:: GOAL OF THE EXERCISE ::
Repeat exactly the lines below from the line that contains "Amerivu Inn & Suites New Richmond" to the last line, inclusive, without the pictures.

---------- TASK INPUTS

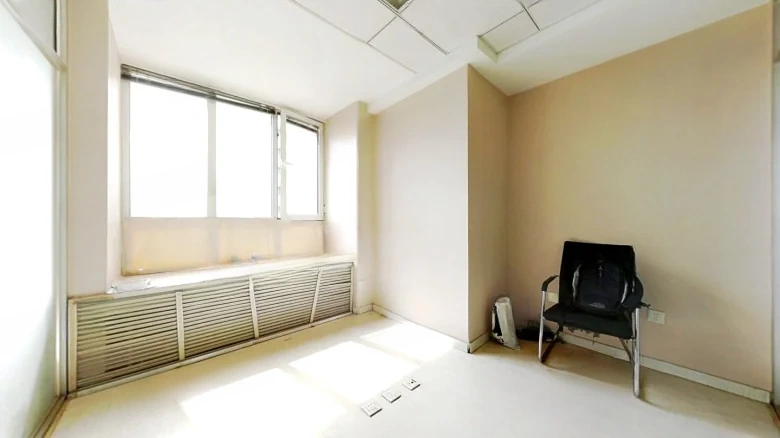 Wanda 39 Carat - View 1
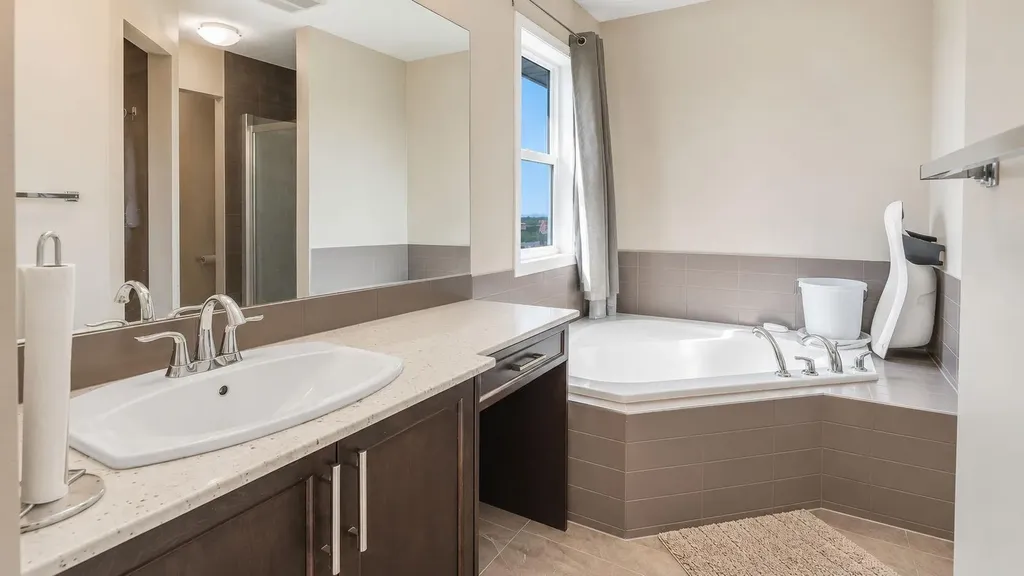 396 Skyview Shores Manor NE Calgary AB T3N 0H4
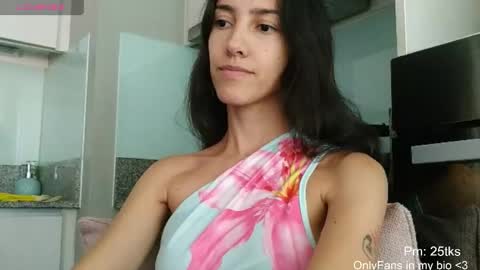 Snapshot of innocentlatiina chatting on 30, 4, 2026 Laroa online show from 30, 4, 2026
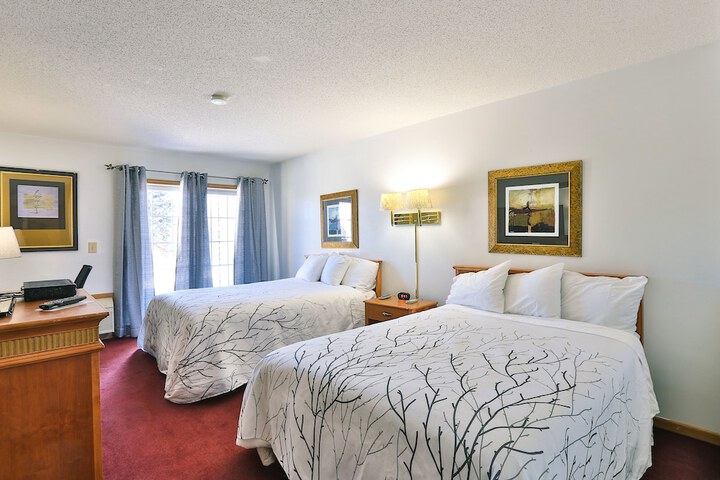 Amerivu Inn & Suites New Richmond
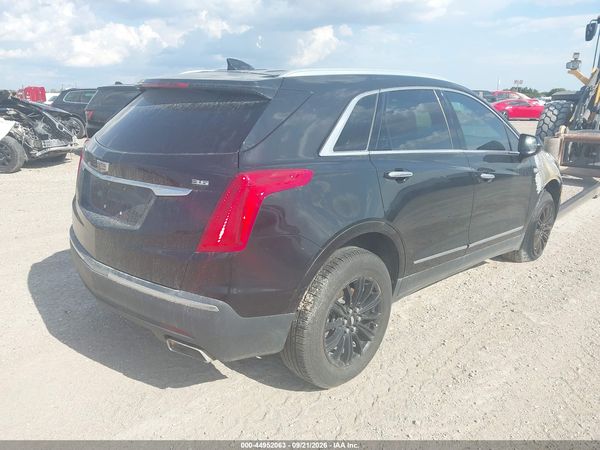 2017 CADILLAC XT5 LUXURY — I4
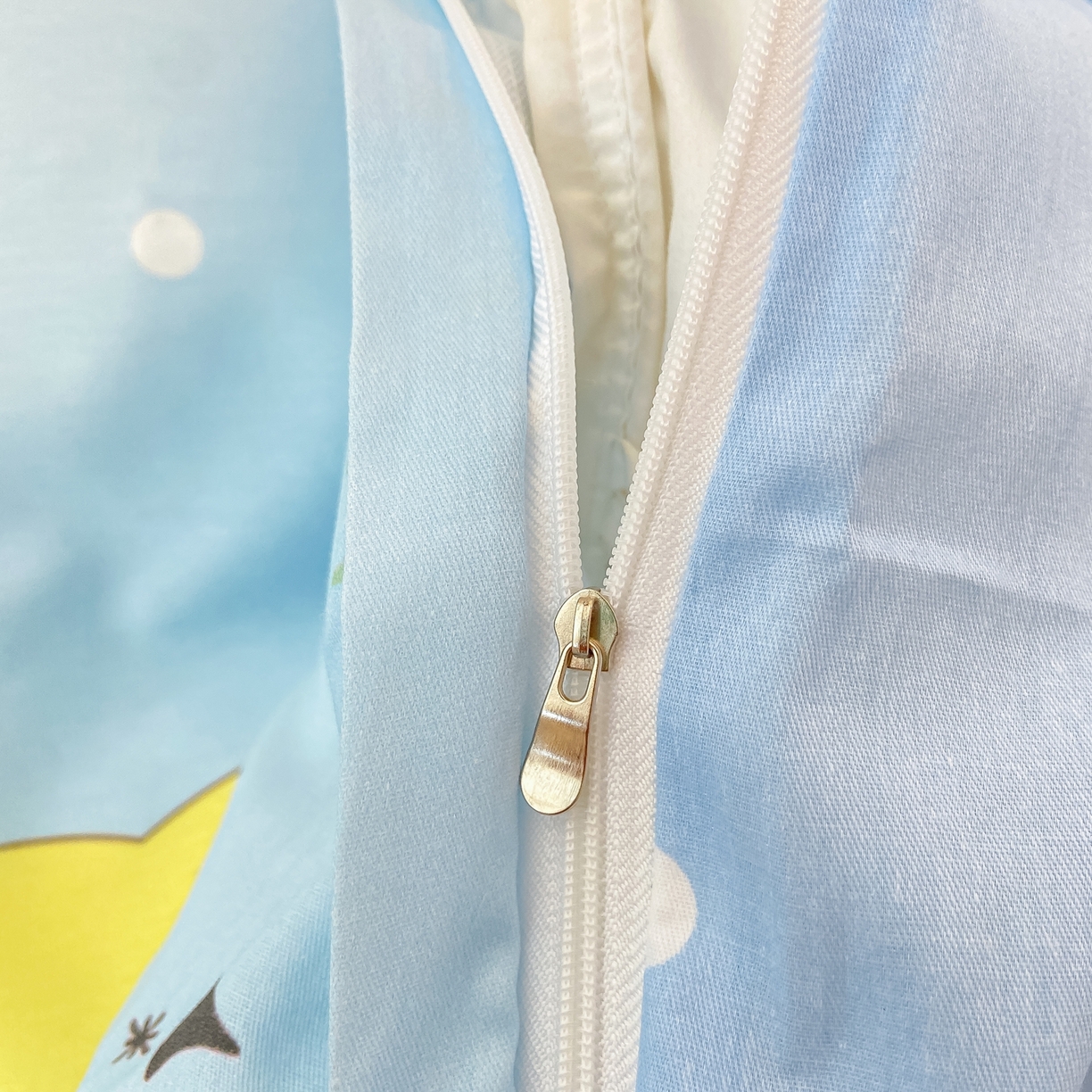 91家纺网 家纺一手货源 找家纺 博雅 2025新款宝可梦皮卡丘成人床正版授权全棉四件套 蓝色点点皮卡丘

--------------------

:: RESULT OF THIS TASK ::
 Amerivu Inn & Suites New Richmond
 2017 CADILLAC XT5 LUXURY — I4
 91家纺网 家纺一手货源 找家纺 博雅 2025新款宝可梦皮卡丘成人床正版授权全棉四件套 蓝色点点皮卡丘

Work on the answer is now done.